The Gold Standard: Why it's not a measure

You might have thought that with my previous post, this blog would become all about fatherhood or something. Hardly.

I was listening to an Intelligence Squared episode: America doesn't need a strong dollar policy, and found myself incredibly annoyed by one argument that one side used. Worse than that, despite the fact that it's a false analogy, the other side never countered it! This angered me so much, that I have to vent here.

If you want to listen to the debate, now's your last chance before spoilers!

Steve Forbes and James Grant were arguing against the motion, thus in favour of a strong dollar policy. One of their arguments went something like this: If you were a carpenter, and the length of a foot changed from day to day, week to week, month to month, you wouldn't be able to ever know how much wood (in feet) you needed to be able to build a given house. In the same sense, the dollar's value cannot be allowed to change, so that participants in the economy can predictably know how much money they will need to execute a certain transaction. In order to fix the value of money, we peg the exchange rate from dollars to some commodity, say gold (at, for example, $35/ounce).

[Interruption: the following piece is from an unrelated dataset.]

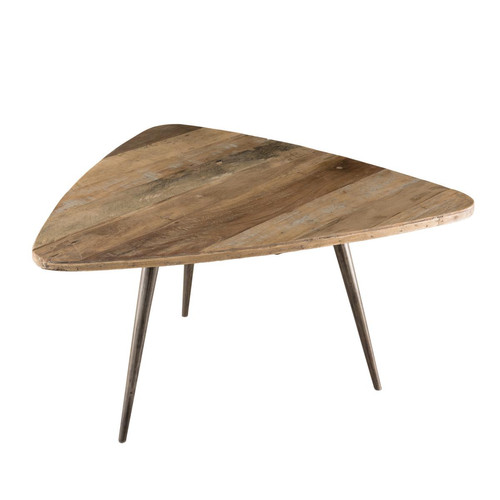 Table basse ovoide 75 cm bois de Teck recyclé et métal - SIANA - Macabane - Tables basses scandinaves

That sounds great! Now the dollar has a fixed value, and we can all go about our business, right? Wrong. Unlike something like a physical object (to which you can calibrate the measure of a "foot"), the measure of value can change over time. If demand for something increases, some people will be willing to pay more to ensure they get it, and so the price goes up. Same in the opposite direction. A good example is Tickle-Me Elmos. When those hit the market, they cost $28.99 in stores, but people would buy them for (i.e. they were worth) hundreds or thousands of dollars.

The same of course can happen on the supply side. If all the oil wells in the world dried up tomorrow, though demand for oil would be relatively constant, supply would be zero, and again, you'd have a frenzy of people willing to pay anything to get some.

Gold is not immune to the supply/demand pressures either. As a result, its value, relative to other items, can change because of human whim. So fixing the dollar to gold is almost no better than letting it float. Don't be fooled into thinking that the supply and demand for gold are constant, either. When the Spanish brought back vast amounts of gold from the "New World", the supply in Spain skyrocketed, thus the price went down. Instead of being rich, the Spaniards found that because everyone had more gold, things cost more gold to buy!

My point is that the dollar, even just as paper with nothing backing it, is just as good a proxy for value as anything else, even gold. What strikes me as crazy is that Steve Forbes, the man who wrote a book entitled: "Freedom Manifesto: Why Free Markets Are Moral and Big Government Isn’t (2012)", doesn't see the free market involved in the changes in supply and demand for gold, and a reason that a gold standard dollar isn't any better than a floating dollar.